Today, I want to write about a pretty simple problem: finding the line where two planes intersect. At the end of the day, it boils down to a simple formula that's easy to find elsewhere online. However, I find the derivation interesting, and it serves as a nice introduction to some powerful techniques that can be used on harder problems like intersecting conic sections.

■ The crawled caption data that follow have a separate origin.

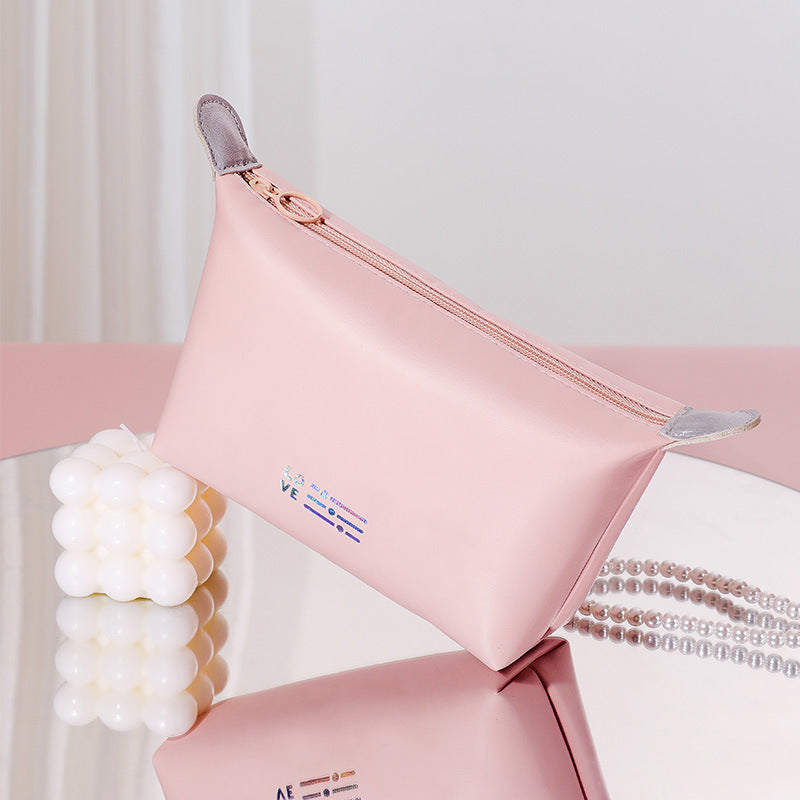 Astuccio rosa in pelle sintetica con cerniera dorata, accanto a candela decorativa bianca e collana di perle. Design elegante e moderno.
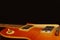 Honey sunburst vintage electric blues guitar closeup on the black background, with plenty of copy space.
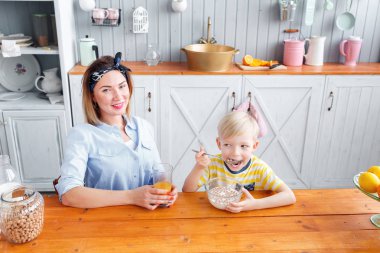 Anne ve oğul mutfakta bir kahvaltı yaparken gülüyorsun.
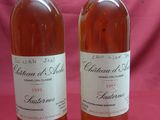 two bottles of wine sitting next to each other on a table
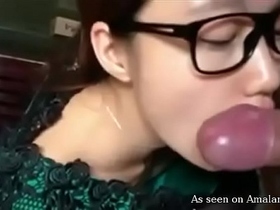 Hot brunette Asian sucks cock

But first, in case you just want the formula: the planes $$\langle n_1, x\rangle + d_1 = 0$$ and $$\langle n_2, x \rangle + d_2 = 0$$ intersect along the line $$r_o + t r_d$$, where \begin{aligned} r_d &:= n_1 \times n_2,\\ r_o &:= \frac {r_d \times(d_2n_1 - d_1n_2)} {\|r_d\|^2}. \end{aligned}

### Prelude: intersecting two lines in the plane

When solving these sorts of problems, it is helpful to work in homogeneous coordinates. So we represent a point $$(x, y) \in \mathbb{R}^2$$ by the vector $$(x, y, 1) \in \mathbb{R}^3$$ (or any scalar multiple of this vector). And similarly, we represent the line $$ax + by + c = 0$$ using the vector $$(a, b, c) \in \mathbb{R}^3$$ (or any scalar multiple of this vector). It's no coincidence that both points and lines share the same representation here, but that's a discussion for another day.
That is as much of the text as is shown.